After establishing that Jesus is not only a high priest for God’s people but a better high priest, the writer of Hebrews goes on to establish that everything about Jesus being our high priest is better than what the Jews had with their high priest.
“Now the main point of what we are saying is this: We have this kind of high priest. He sat down at the right side of the throne of the majesty in the heavens. He’s serving as a priest in the holy place, which is the true meeting tent that God, not any human being, set up. Every high priest is appointed to offer gifts and sacrifices. So it’s necessary for this high priest also to have something to offer. If he was located on earth, he wouldn’t be a priest because there are already others who offer gifts based on the Law.” (Hebrews 8:1-4 CEB)
The high priests of Israel initially served in a tent that people made, following in every detail “the pattern that I [God] showed you on the mountain” (Hebrews 8:5). Later, although not mentioned by our writer, the priests served in a temple, a building that Solomon had constructed. But our high priest serves in “the true meeting tent that God, not any human being, set up”. It is a “heavenly meeting tent” (Hebrews 8:5). It is in the presence of God himself.
Although a better high priest, if Jesus was located on earth he could not be a high priest because under the Law he couldn’t serve in this capacity. This is why the writer has established in the previous chapters that Jesus is a high priest after the order of Melchizedek.

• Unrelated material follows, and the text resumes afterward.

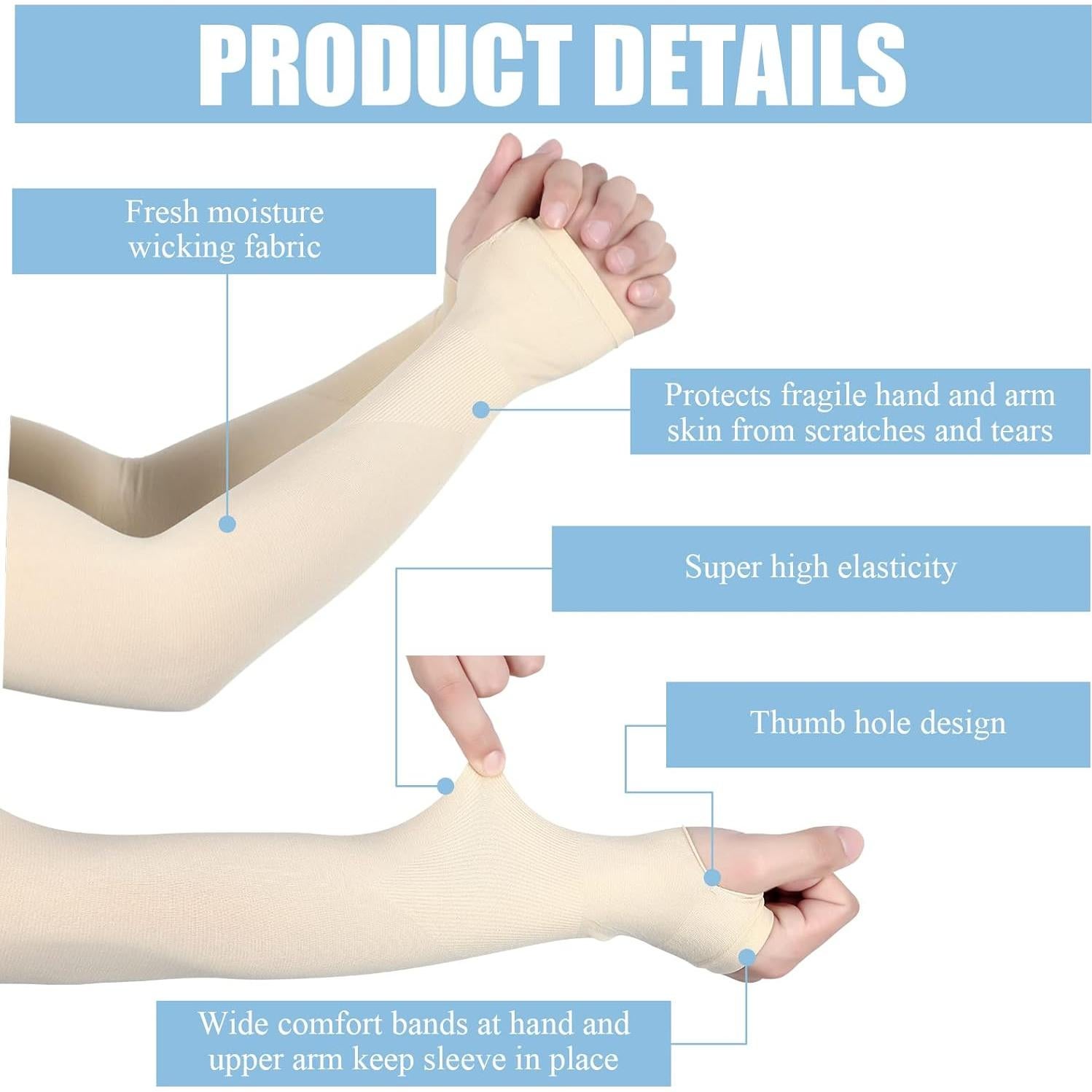 Mangas Protectores para Piel Delicada Janmercy - 9 Pares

High priests serve to offer the gifts and sacrifices. Although only introduced here, our writer will go on to show that Jesus, our high priest, does offer gifts and sacrifices – that of his own blood. The point, though, that he wished to establish is that Jesus is not inferior in any way to the Levitical high priests. He had a better place to serve and he offered sacrifices. Jesus has a better priestly service…and he has given God’s people a better covenant.

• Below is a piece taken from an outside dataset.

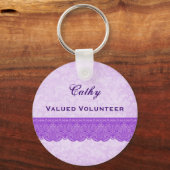 大切なボランティアのオーキッドパープルF431 キーホルダー (正面)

“But now, Jesus has received a superior priestly service just as he arranged a better covenant that is enacted with better promises. If the first covenant had been without fault, it wouldn’t have made sense to expect a second.” (Hebrews 8:6-7)
You can almost hear those who first heard this begin to question: why do we need another covenant? God established his covenant with us on Mount Sinai. What could be better than that?

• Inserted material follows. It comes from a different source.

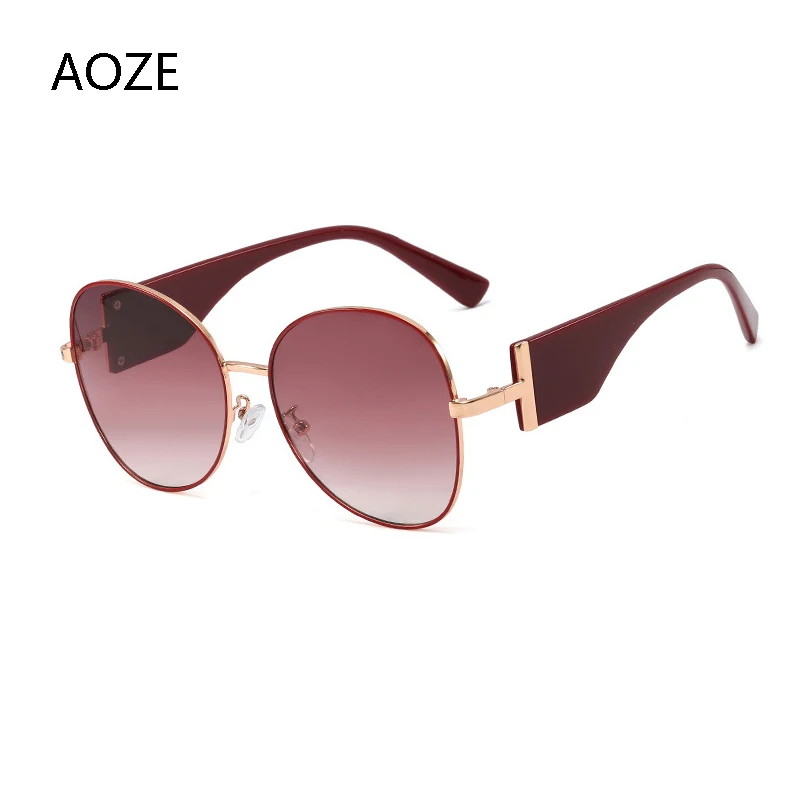AOZE 2020 Luxusní Módní Kovový Kulatý Rám Ženy Gradient sluneční Brýle, Anti-Reflexní sluneční Brýle, Nový Design Venkovní sluneční brýle UV 0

But, our writer says, the covenant from Mount Sinai wasn’t perfect. And to establish this point he quotes from one of the Jews’ own prophets (Jeremiah 31:31-34). God told Israel through Jeremiah that he would make a new covenant with his people, not like the first one. The Israelites were constantly breaking the first one. In this new one God’s law would be placed on the hearts and minds of his people. And there would no longer be a remembrance of sins.
A new covenant based on forgiveness. This meant that sacrifices wouldn’t need to be offered continually for the sins of the people (he will explain this in the next chapters). But if there was a ‘new’ covenant, what would happen to the old one?
“When it says new, it makes the first obsolete. And if something is old and outdated, it’s close to disappearing.” (Hebrews 8:13)
That the old covenant was “close to disappearing” refers to the destruction of Jerusalem and the temple by the Roman army just a few years after this. It was the destruction of the temple that brought an end, once and for all, to the old covenant, the high priest and the animal sacrifices.
We are no longer under the old law. We have a new covenant. It is a better covenant. It has better promises. And it has a better high priest.